## What needs to be done
Give again, word for word, every line below from the one that has "Чехол для iPhone" through the one that has "Close Up Angry Man Face Portrait", both included, and no others.

## Material provided
((

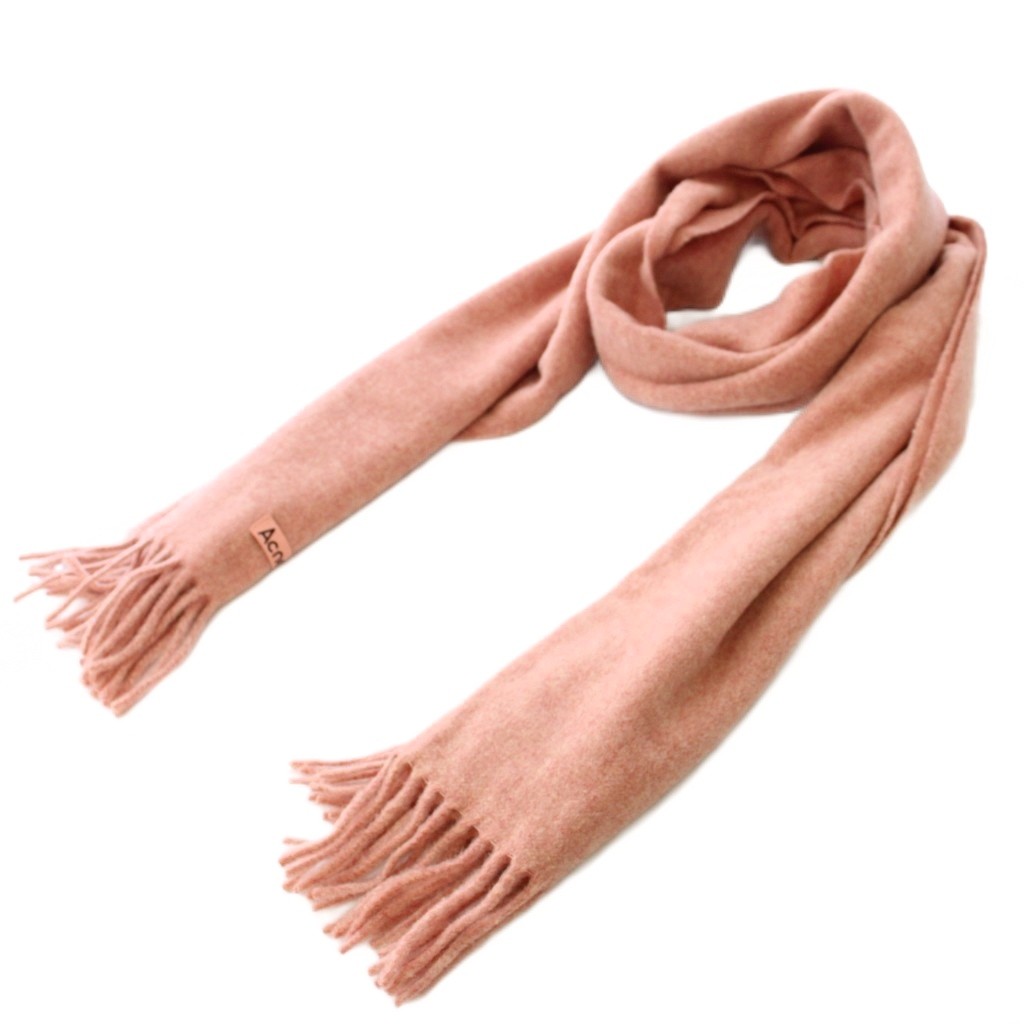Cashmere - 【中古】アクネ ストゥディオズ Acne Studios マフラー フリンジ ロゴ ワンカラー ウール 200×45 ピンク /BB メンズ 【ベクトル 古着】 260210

))
((

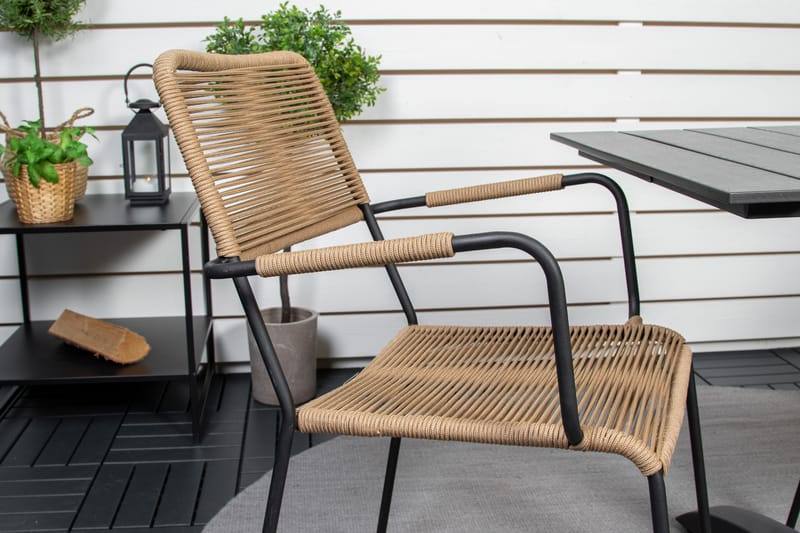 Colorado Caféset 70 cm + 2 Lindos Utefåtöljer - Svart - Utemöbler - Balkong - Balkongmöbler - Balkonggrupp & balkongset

))
((

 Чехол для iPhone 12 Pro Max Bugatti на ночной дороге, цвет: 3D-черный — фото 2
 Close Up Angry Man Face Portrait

))

## Solved problem
 Чехол для iPhone 12 Pro Max Bugatti на ночной дороге, цвет: 3D-черный — фото 2
 Close Up Angry Man Face Portrait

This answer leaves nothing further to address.